(Caption-style text data)
****

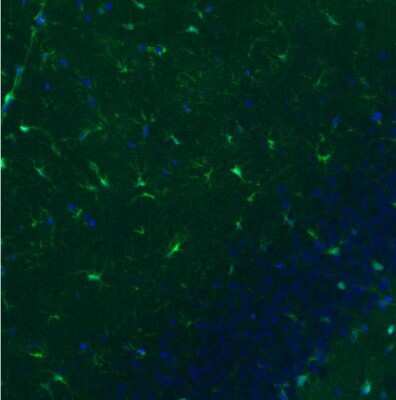 Immunohistochemistry: S100B Antibody (CL2720) [NBP2-46626]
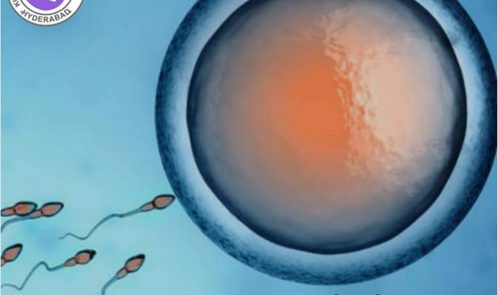 IUI treatment in hyderabad
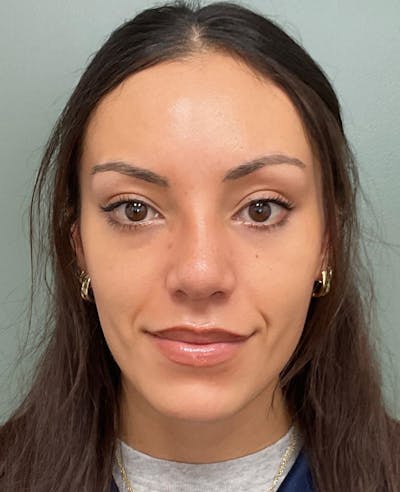 Rhinoplasty Before & After Gallery - Patient 401105 - Image 2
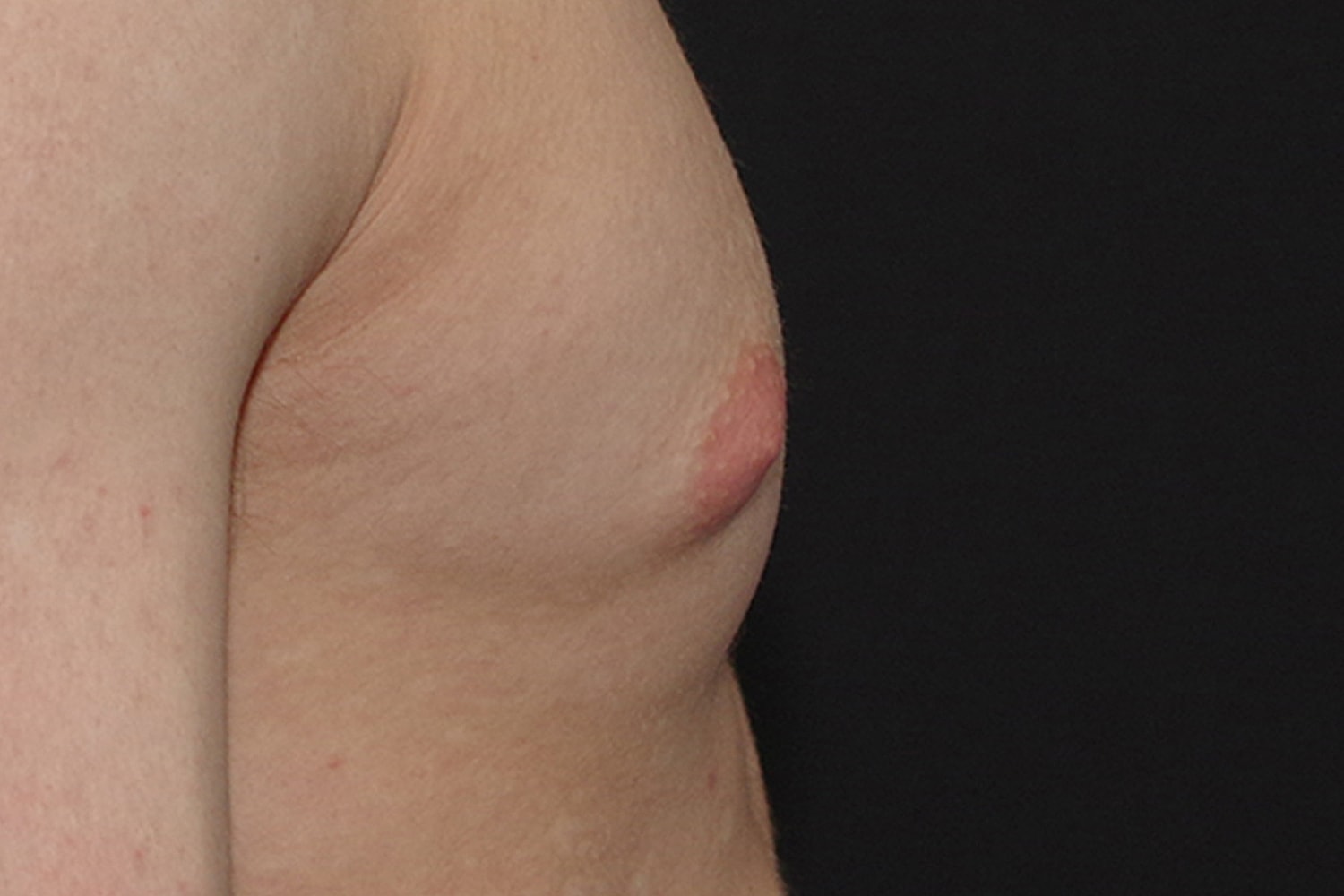 Gynecomastia Before & After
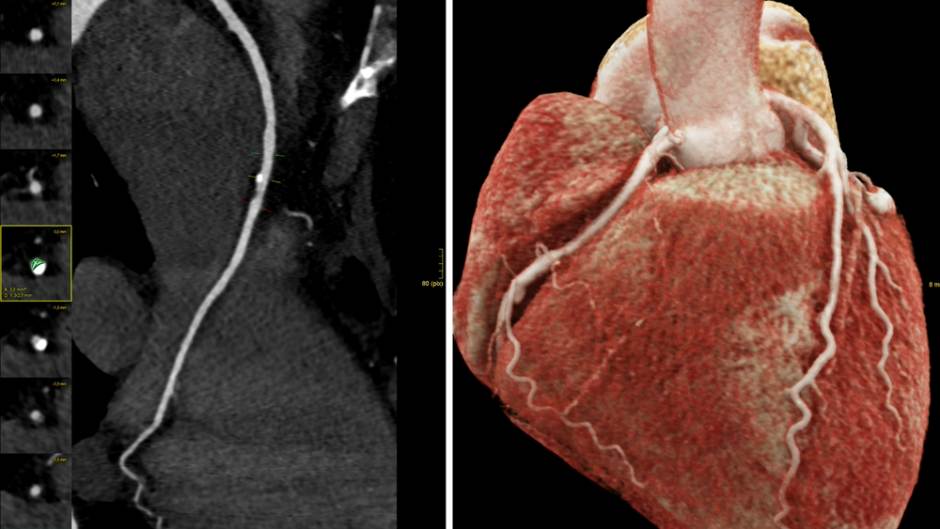 Hochmoderne und präzise Diagnostik dank neuem CT-Gerät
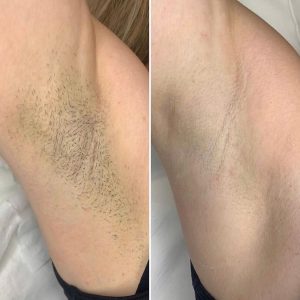 KEVA MASK Collagen – 25g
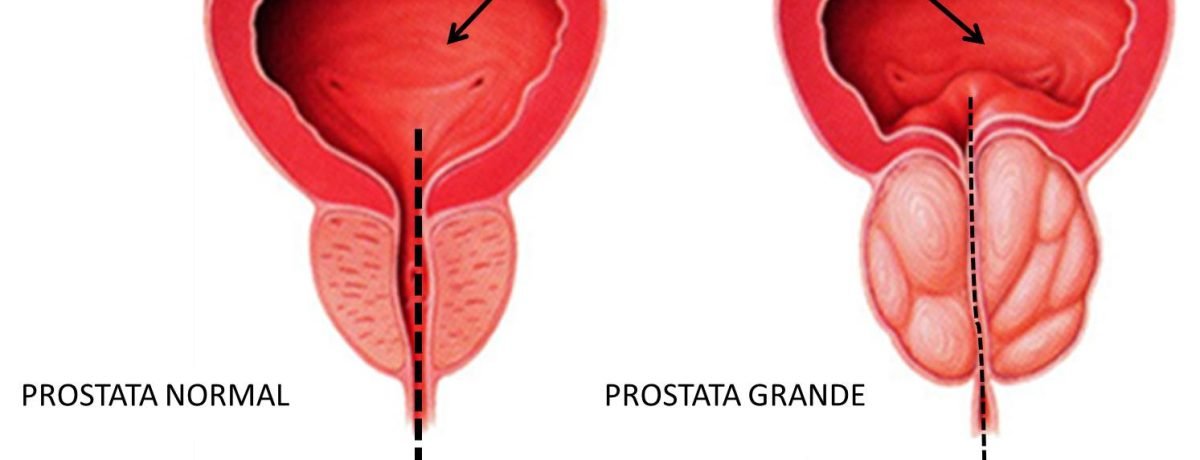 Anatomia-Laser-21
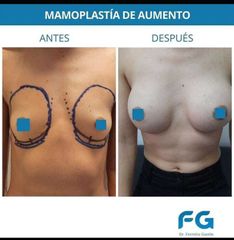Aumento mamas - Dr. Gastón Eduardo Ferreira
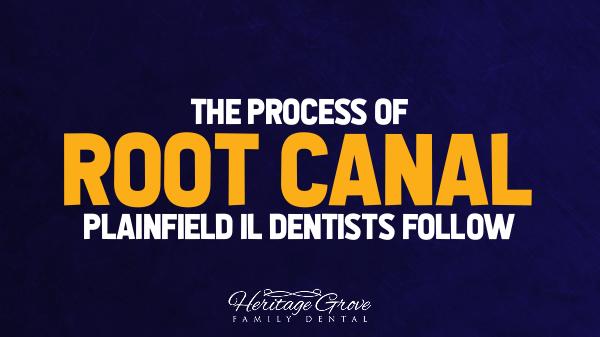 Root Canal Plainfield IL The Process of Root Canal, Plainfield IL Dentists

****

Write out the data exactly, and exclude every picture it holds.

 Immunohistochemistry: S100B Antibody (CL2720) [NBP2-46626]
 IUI treatment in hyderabad
 Rhinoplasty Before & After Gallery - Patient 401105 - Image 2
 Gynecomastia Before & After
 Hochmoderne und präzise Diagnostik dank neuem CT-Gerät
 KEVA MASK Collagen – 25g
 Anatomia-Laser-21
Aumento mamas - Dr. Gastón Eduardo Ferreira
 Root Canal Plainfield IL The Process of Root Canal, Plainfield IL Dentists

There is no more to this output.